Black Hat Cancels RFID Demo
HID Global Corp., which makes smart cards and proximity badges based on RFID, alleges that the presentation -- which was scheduled to include a demonstration of how to clone an RFID chip -- infringes on its manufacturing patents.
The presentation, which was to be delivered by security research firm IOActive, promised to poke holes in RFID technology by showing how easy it is to duplicate and penetrate.
"Assuming no initial knowledge of electronics, I'll explain everything you need to know in order to build a working cloner, understand how it works, and see exactly why RFID is so insecure and untrustworthy," said Chris Paget, director of research and development at IOActive, in his conference abstract.
Conference organizers and representatives expressed frustration over the squelching of the presentation, which would have exposed flaws in RFID technologies that are already being used in passports, and may soon become standard issue in driver's licenses and other forms of identification.
Nicole Ozer, technology and civil liberties policy director at the ACLU, noted that the U.S. Department of Homeland Security is set to introduce its Real ID technology, a federally-approved travel identification card, later this week. The card includes RFID technology that may be vulnerable to the flaws outlined in the IOActive presentation.
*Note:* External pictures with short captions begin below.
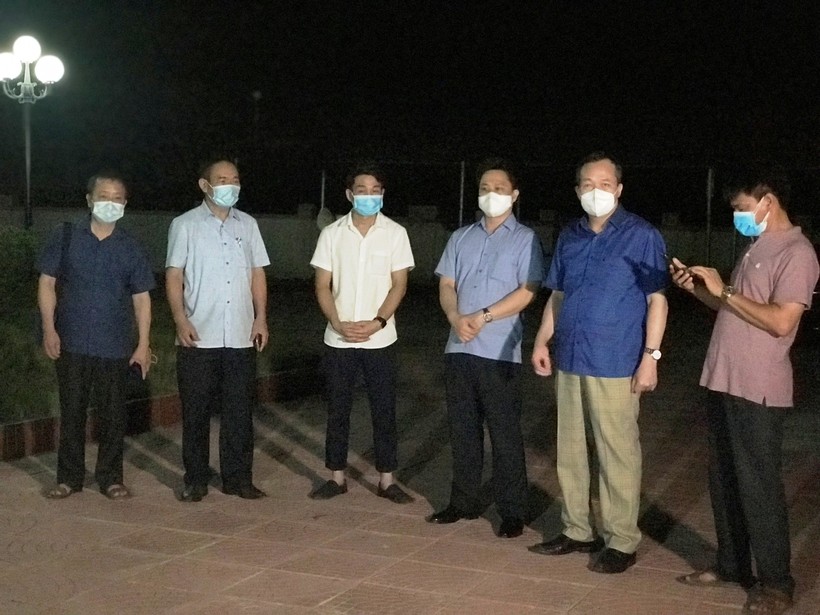 Trong đêm, lãnh đạo Sở Y tế Thanh Hóa và đoàn công tác của tỉnh về huyện Vĩnh Lộc chỉ đạo phòng, chống dịch.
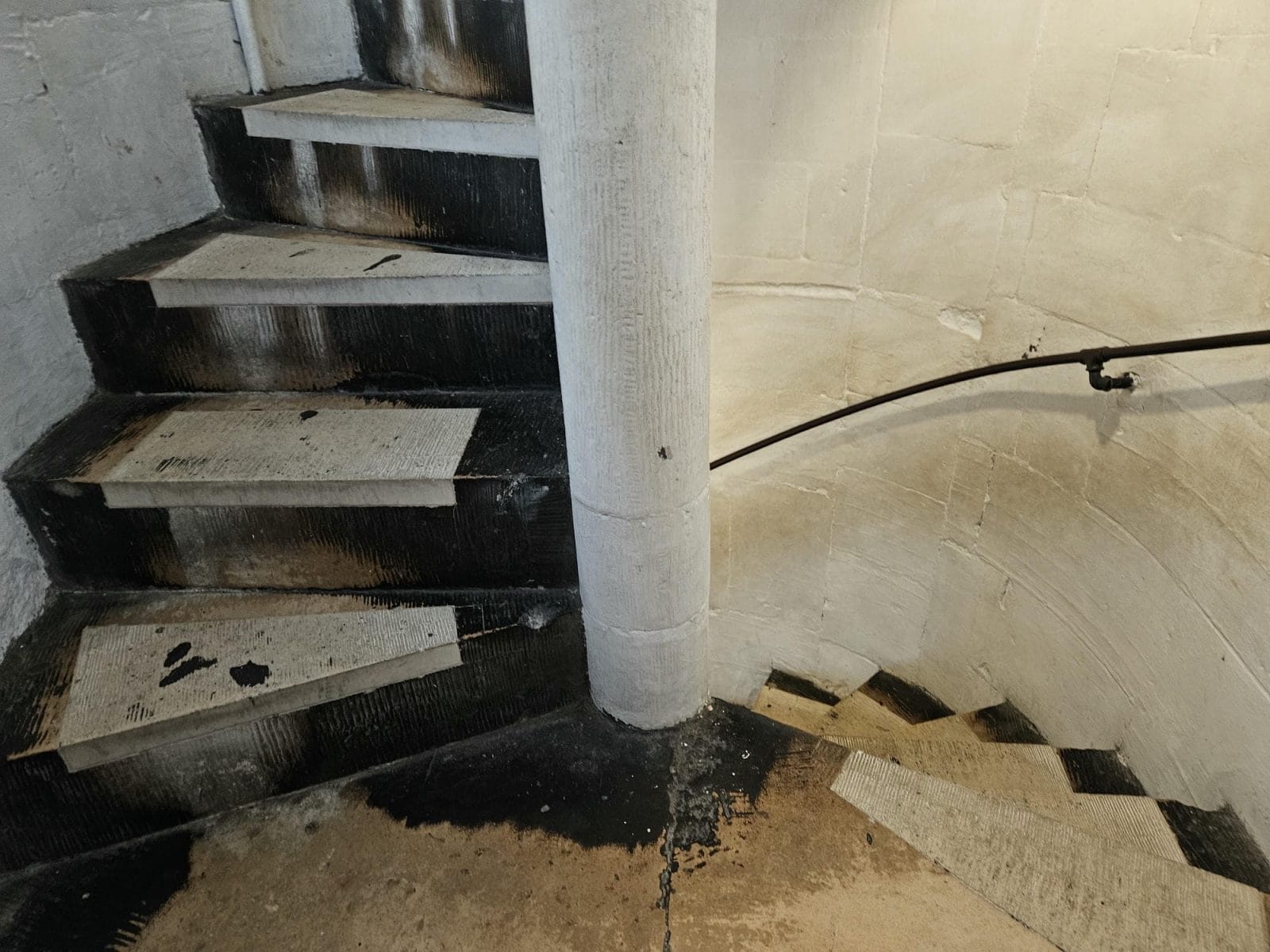 Steps to Whispering Gallery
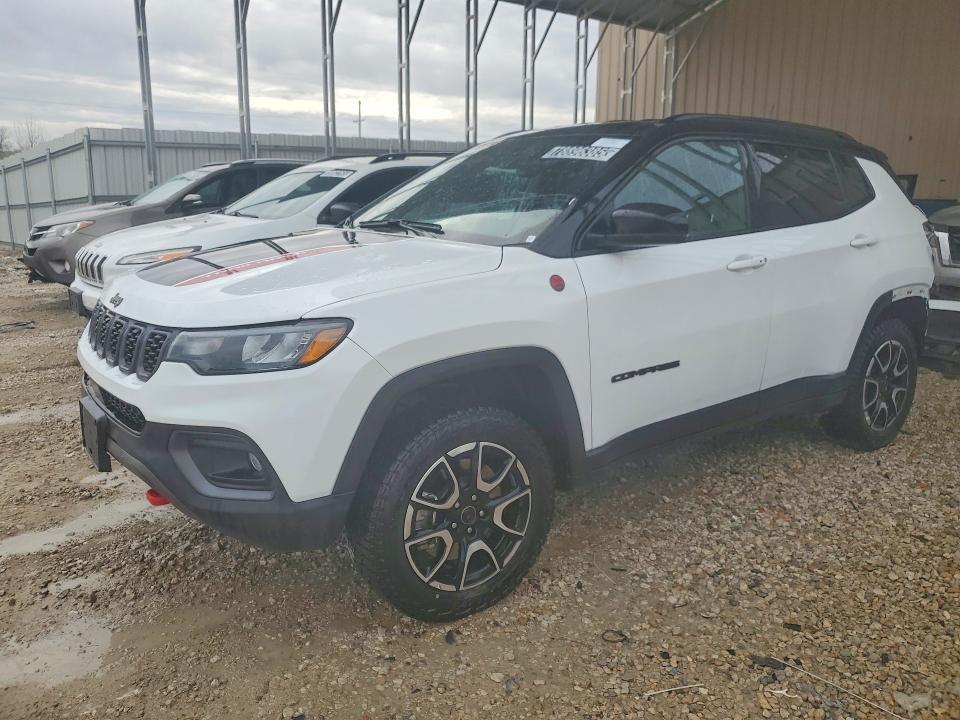 2025 JEEP COMPASS — VIN 3C4NJDDN6ST581218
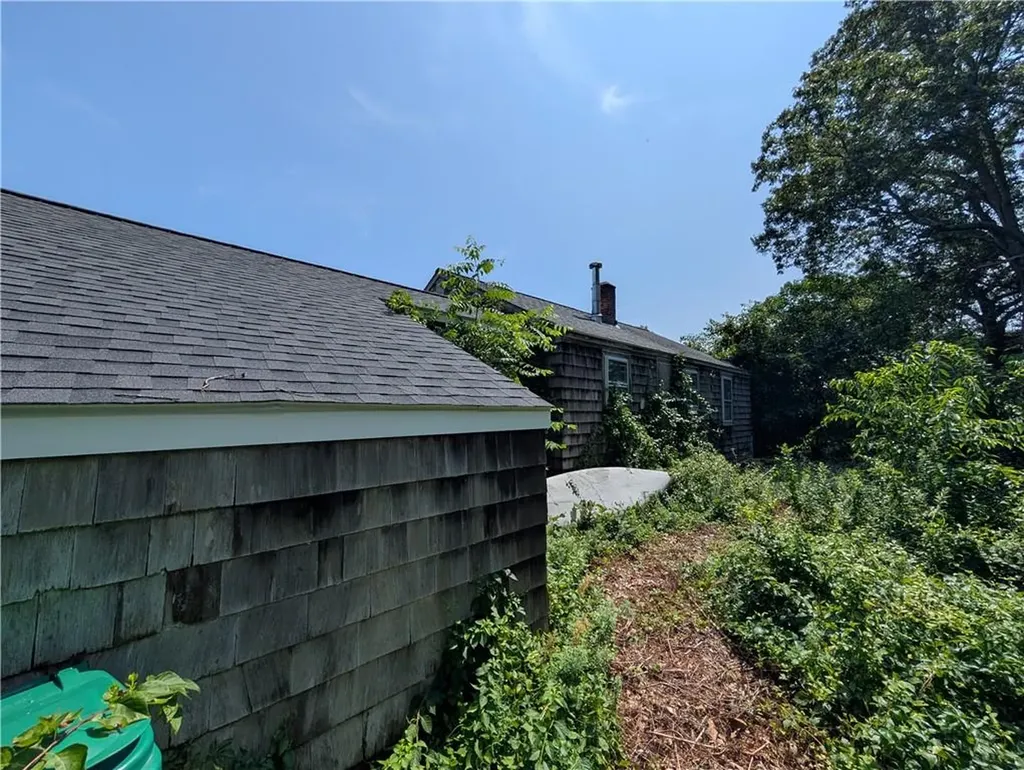 142 Yucatan Drive Warwick RI 02889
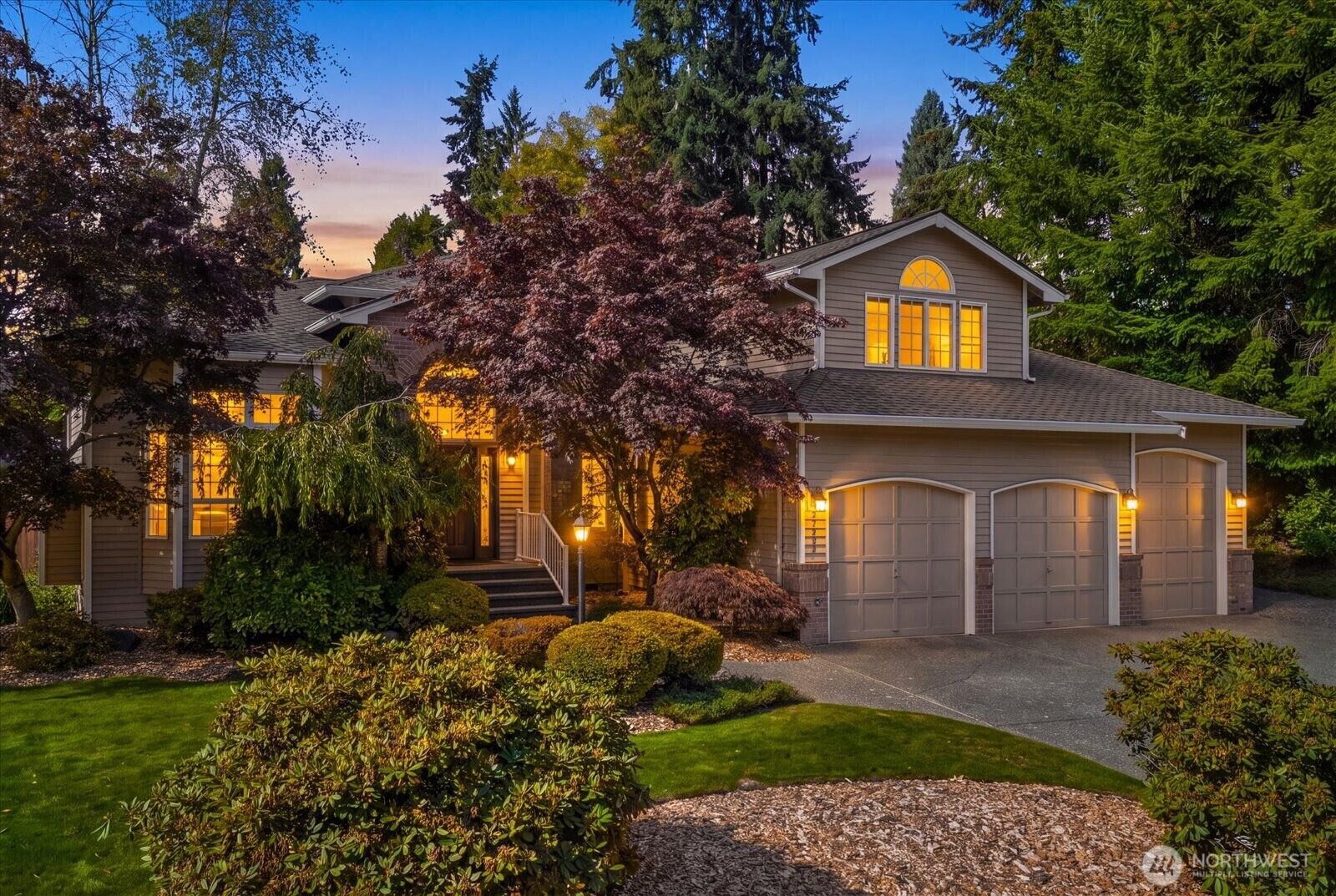 Property Photo: 18404 Homeview Drive WA 98026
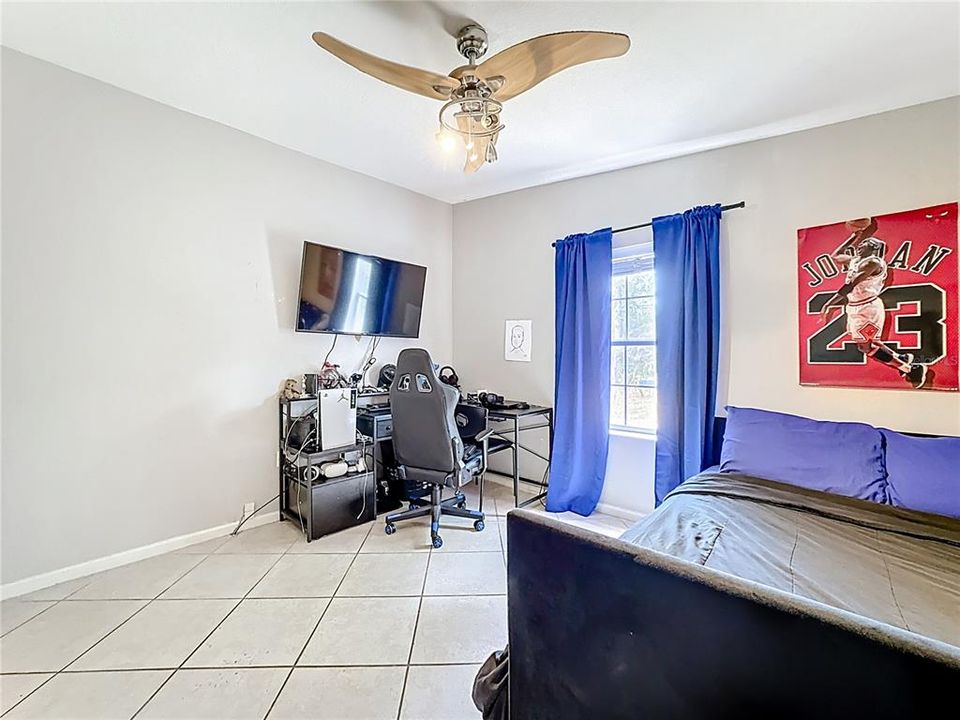 На продажу: $510,000 (5 спален, 2 ванн, 1954 Квадратных фут)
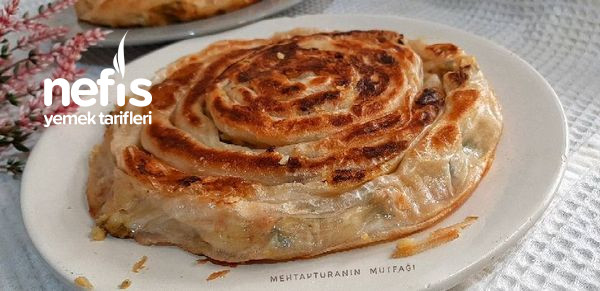 Fırın Kullanmadan Tavada Pişen El Açması Börek Tarifi (Videolu)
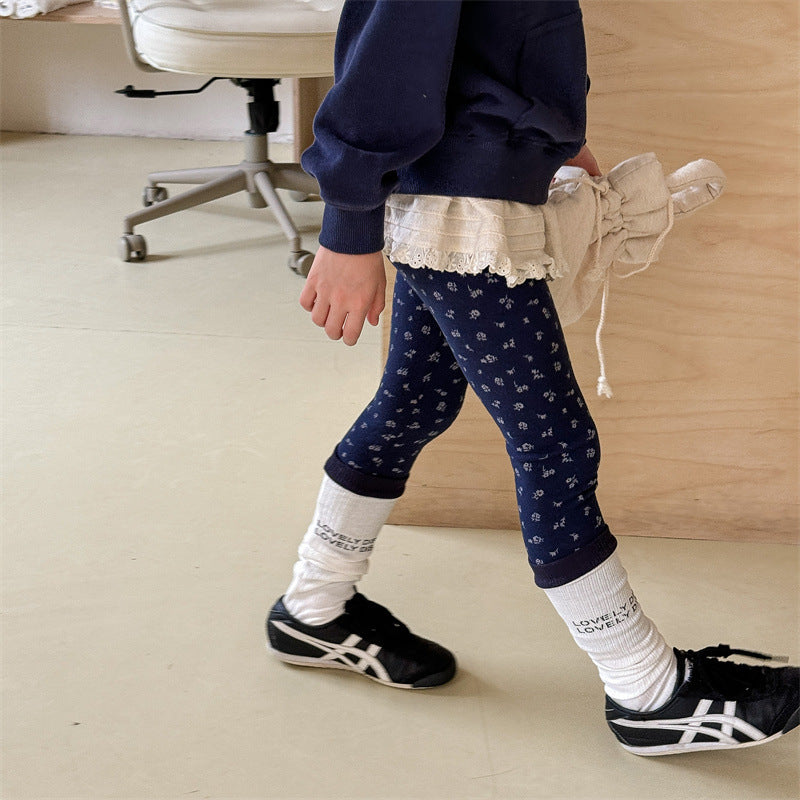 Pantalons élastiques brossés à base de pied de bouche serrée de bébé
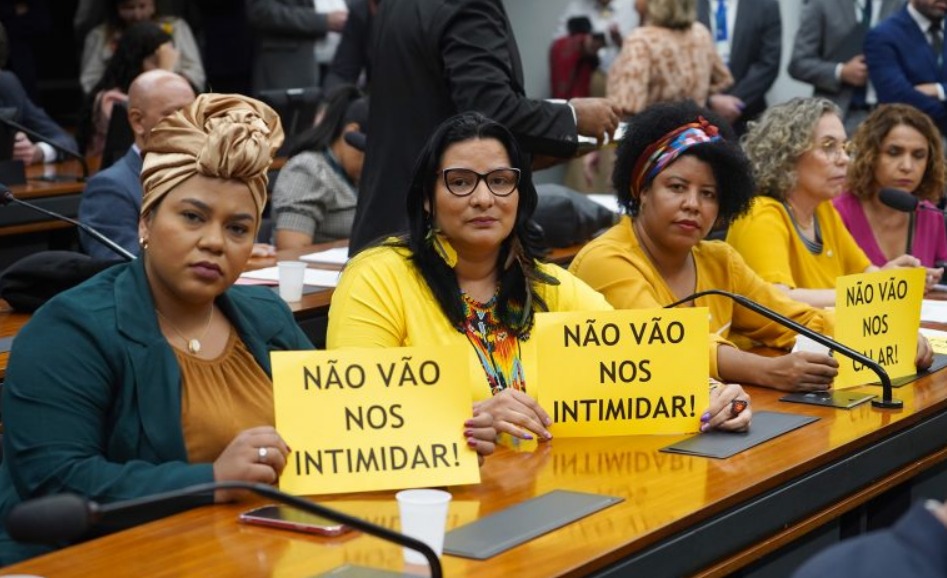 Parlamentares se manifestam contra a violência política de gênero na Câmara dos Deputados. Foto: Pablo Valadares / Câmara dos Deputados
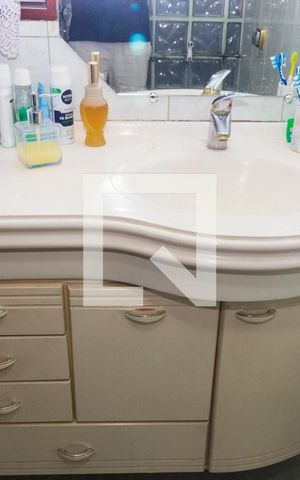 Casa à venda com 120m², 2 quartos e 2 vagas Casa à venda com 120m², 2 quartos e 2 vagasBanheiro da Suíte 2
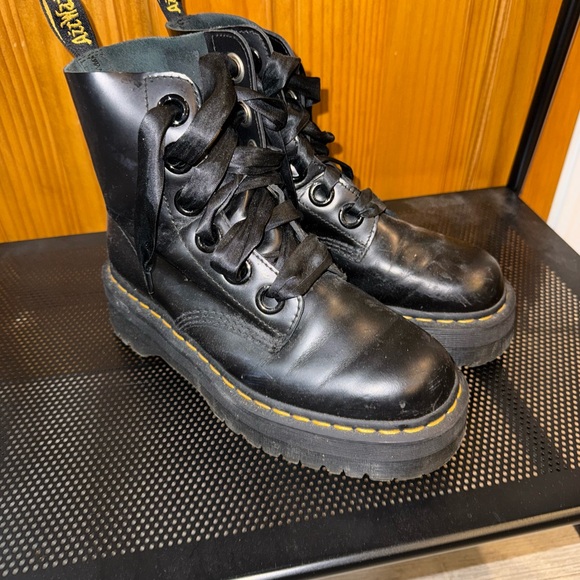 Dr. Martens Molly Women's Leather Platform Boots - Picture 2 of 4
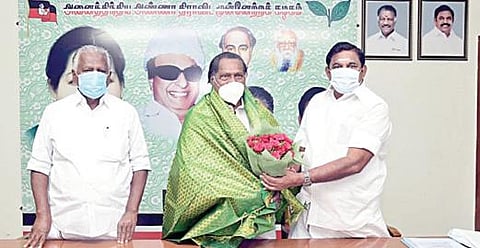 அதிமுக தலைமைக் கழக நிர்வாகிகள் கூட்டம் சென்னை ராயப்பேட்டையில் உள்ள கட்சியின் தலைமை அலுவலகத்தில் நேற்று நடந்தது. இதில், பொதுக்குழுவில் அதிமுக அவைத் தலைவராக தேர்ந்தெடுக்கப்பட்ட தமிழ்மகன் உசேனுக்கு, இணை ஒருங்கிணைப்பாளர் பழனிசாமி மலர்க்கொத்து வழங்கி வாழ்த்து தெரிவித்தார். உடன் துணை ஒருங்கிணைப்பாளர் கே.பி.முனுசாமி. இக்கூட்டத்தில் கட்சியின் மூத்த நிர்வாகிகள் பங்கேற்றனர்.படங்கள்: ம.பிரபு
"This is an important time for this sort of information to be shared right now, when federal and state governments and other organizations are considering using RFID," Ozer said. "This is not the time for the first amendment to be trampled by intellectual property concerns."
A reporter asked Joshua Pennell, president and CEO of IOActive, whether the company could share its findings with the Department of Homeland Security in a private setting. "Absolutely not," he said. IOActive is a small company that doesn't have the legal or financial resources to challenge HID, he said.
HID has not made a public statement about the presentation, and its lawyers have not given IOActive any idea as to when -- if ever -- it will allow the researcher to release its findings, according to Black Hat officials.
The vulnerabilities of RFID technology are not a secret. There have been a number of papers and presentations published over the past two years, including one at the Black Hat conference in Las Vegas last summer, in which a researcher demonstrated a cloned e-passport. The ACLU has been arguing for years that RFID technology might lead to a loss of personal privacy, especially if new laws for authentication and encryption of the RFID data are not passed.
IOActive's Paget says the flaws in RFID technology could be fixed. "It's at least plausible that the tags could be revised," he says. For now, however, Paget's cloner has been placed in trust until the civil litigation can be settled.
The last-minute squelch of the presentation is similar to the one that occurred two years ago, when Cisco threatened researcher Mike Lynn following his discovery of security flaws in its router technology.
"This is not quite a Mike Lynn scenario, but it's similar, with a cease and desist order coming in at the last moment," said Jeff Moss, founder of the Black Hat conference. "I don't like it when really big companies come in and throw their weight around like this. It pisses me off."